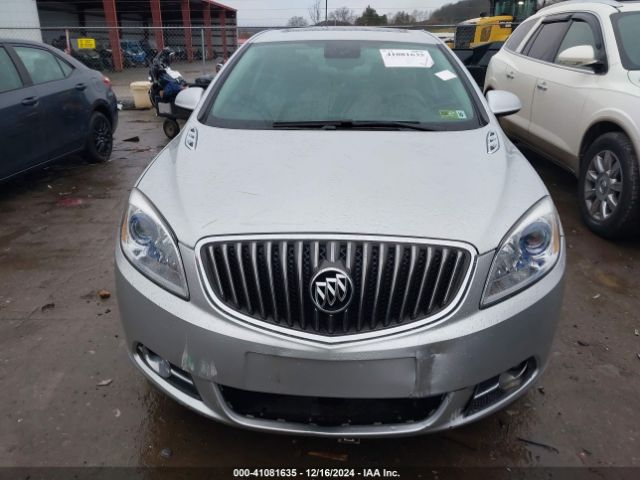 1G4PR5SK3H4106152 Buick Verano Sport Touring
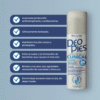 Desodorante de Pies Deo Pies Clinical Spray 260 Ml - Imagen 3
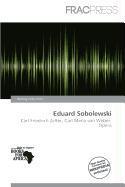 Eduard Sobolewski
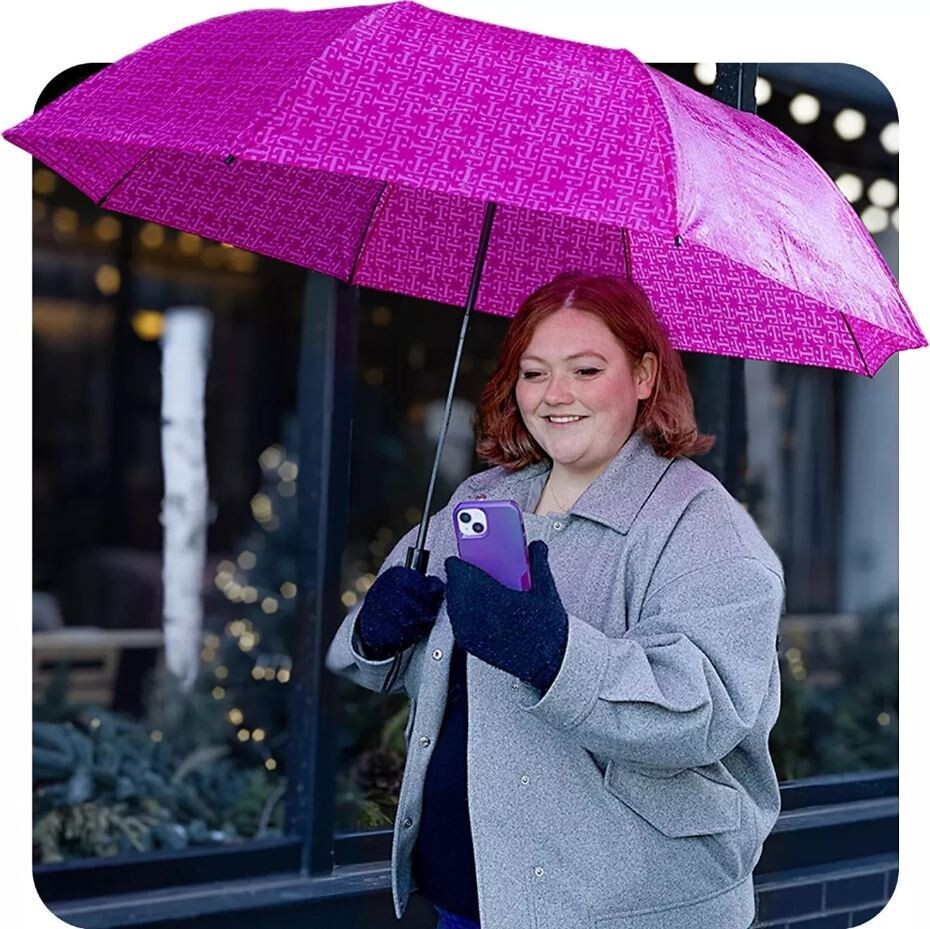 T-Mobile Tuesdays Umbrella - BRAND NEW - 48” Big Size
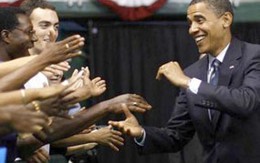 Obama sắp chạm tới chiến thắng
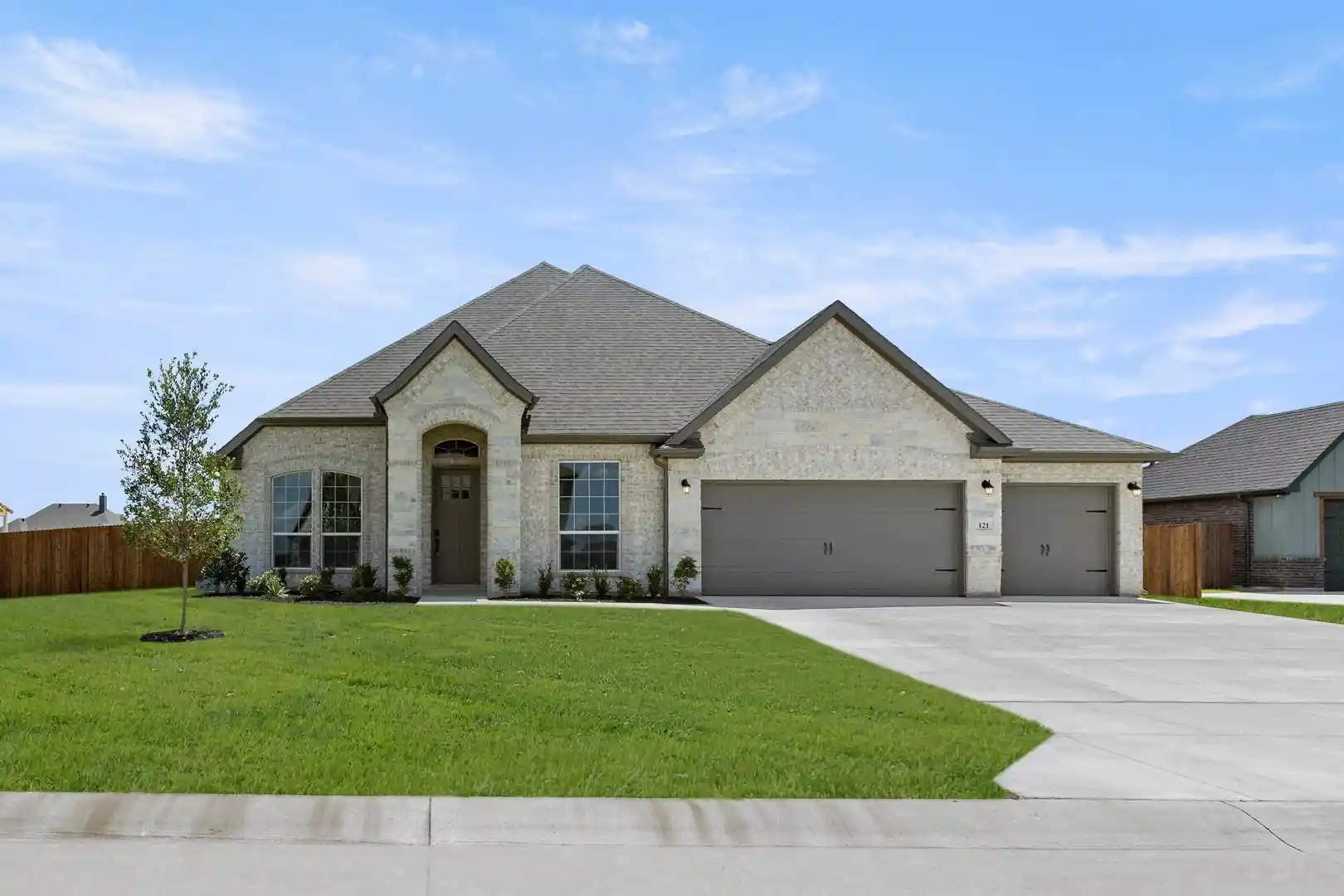 Photo 1 of Sale Pending at 121 Mikasi St, Godley, TX 76044 | MLS# 21341001 | Listing updated on 2026-10-24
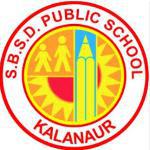 Sati Bhai Sai Dass Public School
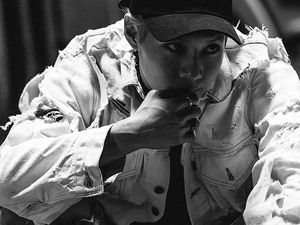 Press Your Number Diciptakan Bruno Mars, Diaransemen ke Gaya Taemin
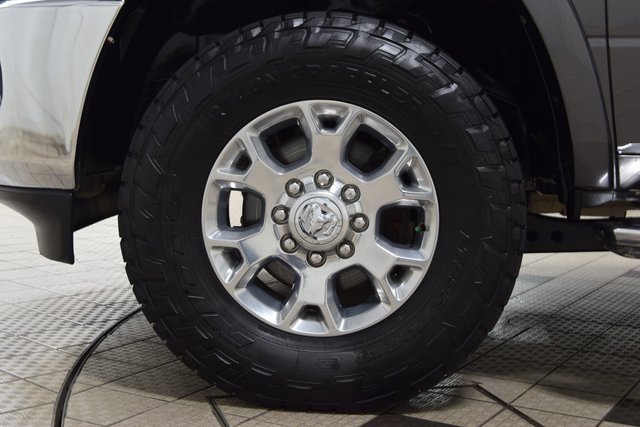 Used 2022 RAM 3500 Laramie image 29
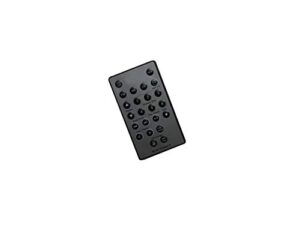 hotsmtbang replacement remote control for bose cd2000 cd3000 cs-2010 acoustic wave music system-ii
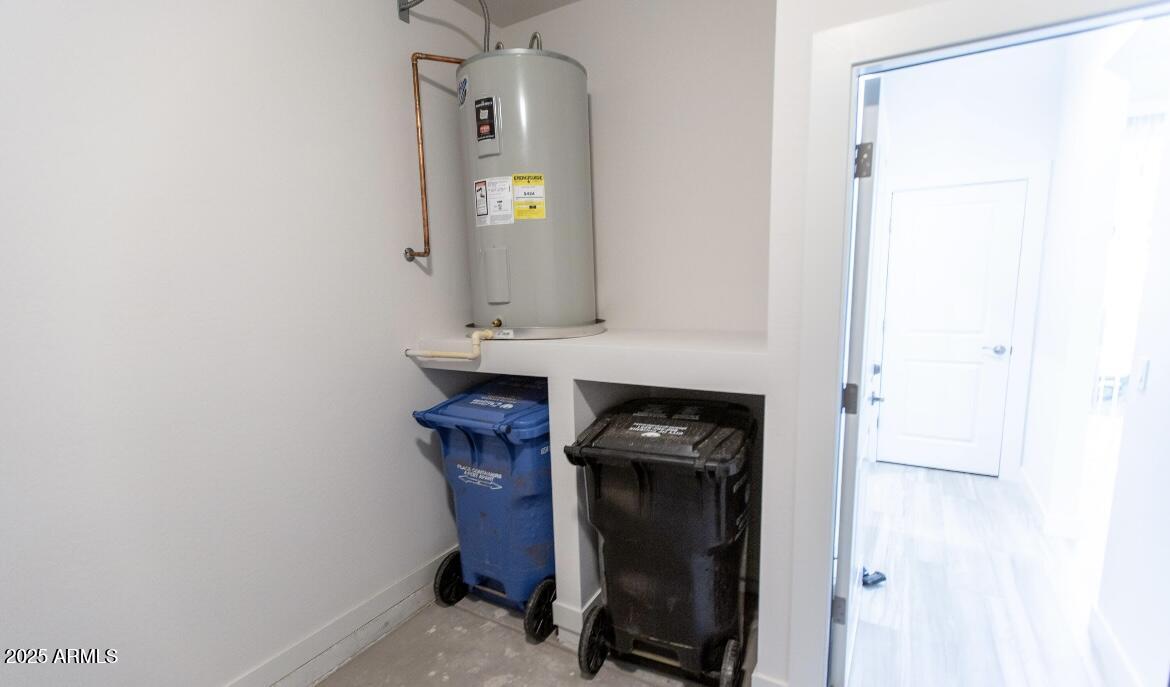 1850 North 51st Street, Unit 5 Phoenix, AZ 85008 - Photo 23 of 23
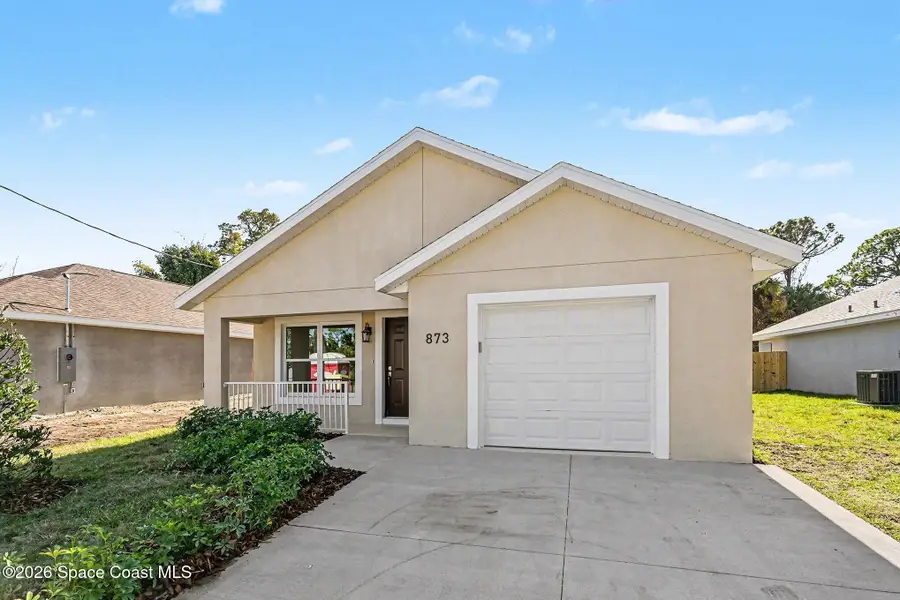 873 Dunbar Street, Cocoa, FL 32927 - Image #3
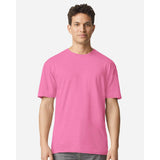 Gildan - Unisex Light Cotton T-Shirt - 3000 - Azalea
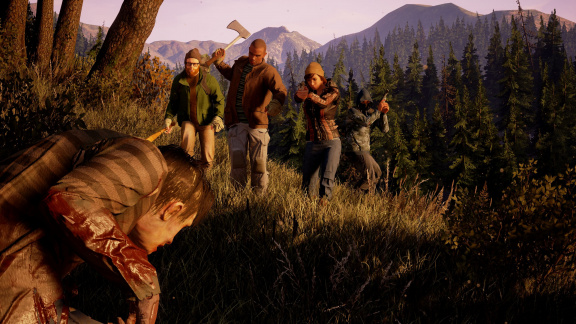 State of Decay 2 se připotácí v květnu s nízkou cenovkou, navíc jako součást Xbox Game Pass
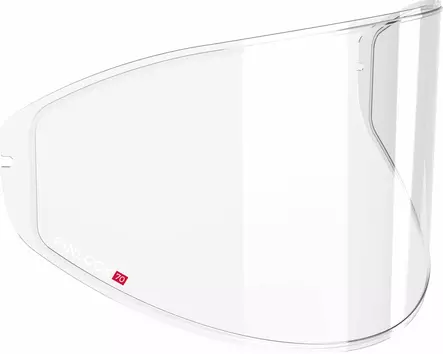 HJC Pinlockvisiiri XD-16 C80 Kirkas - Duell ajovarusteet - 56042 - 1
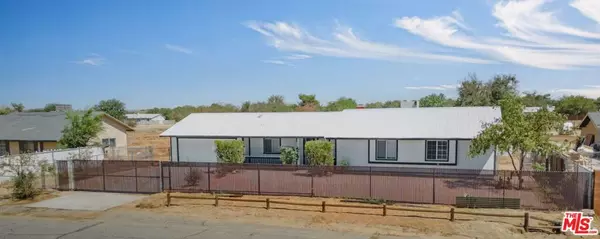 40968 174th Street East, Lancaster, CA 93535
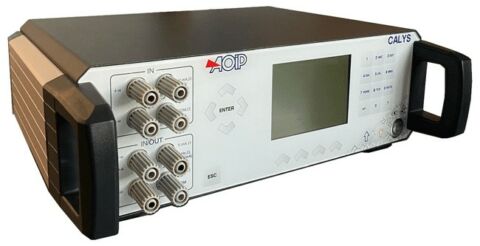 CALYS 1500 (2) - AOIP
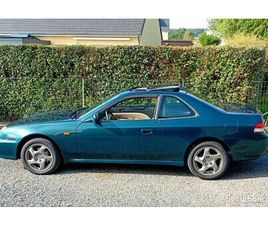 HONDA PRELUDE HONDA PRELUDE VTI A FINIR H22A5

= = =

# WHAT YOU WILL DO
The required output is the exact run of lines from the start of the records through the line containing "1850 North 51st", both ends included, with no pictures.

# RESULT BELOW
 1G4PR5SK3H4106152 Buick Verano Sport Touring
 Desodorante de Pies Deo Pies Clinical Spray 260 Ml - Imagen 3
 Eduard Sobolewski
 T-Mobile Tuesdays Umbrella - BRAND NEW - 48” Big Size
 Obama sắp chạm tới chiến thắng
 Photo 1 of Sale Pending at 121 Mikasi St, Godley, TX 76044 | MLS# 21341001 | Listing updated on 2026-10-24
 Sati Bhai Sai Dass Public School
 Press Your Number Diciptakan Bruno Mars, Diaransemen ke Gaya Taemin
 Used 2022 RAM 3500 Laramie image 29
 hotsmtbang replacement remote control for bose cd2000 cd3000 cs-2010 acoustic wave music system-ii
 1850 North 51st Street, Unit 5 Phoenix, AZ 85008 - Photo 23 of 23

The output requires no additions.